Carmen Martínez Castro-El Debate
  • No descarten que le pongan como ejemplo a seguir en esos cursillos de funcionarios a la carta que Óscar López quiere extender a toda la Administración

Uno de los elementos que distinguen a la cultura woke y que se ha extendido con éxito a buena parte de la sociedad es el descrédito de la meritocracia. Según ellos, si naces mujer, miembro de una minoría oprimida o pobre, estás irremediablemente condenado; eres una víctima que nada puede hacer por cambiar su situación y el mundo está en deuda contigo; no debes esforzarte en mejorar porque la meritocracia es un cuento chino: la igualdad de oportunidades no existe y la apelación al mérito o al esfuerzo solo es una estafa que busca perpetuar el dominio de unas élites sobre el conjunto de la sociedad.
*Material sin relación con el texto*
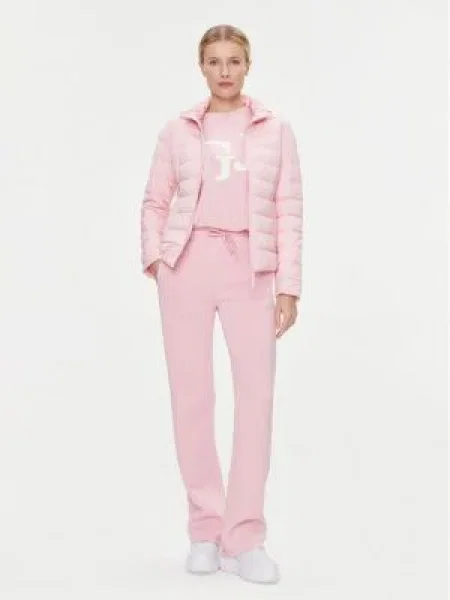 Guess Geacă din puf Diann roz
No hay más que mirar a nuestro alrededor para encontrar multitud de casos anónimos que afortunadamente desmienten esta tesis; más ilustrativa aún resulta la inquina de la izquierda radical contra figuras como Rafa Nadal o Amancio Ortega porque la trayectoria de ambos representa una enmienda a la totalidad de esa invitación al desaliento. Aun así, buena parte de nuestros jóvenes se están formando en esa especie nihilismo triste y desesperanzado que promete una mediocridad general, eso sí, muy igualitaria. Quienes no sucumben a esta moda, suelen buscar mejores destinos vitales fuera de España.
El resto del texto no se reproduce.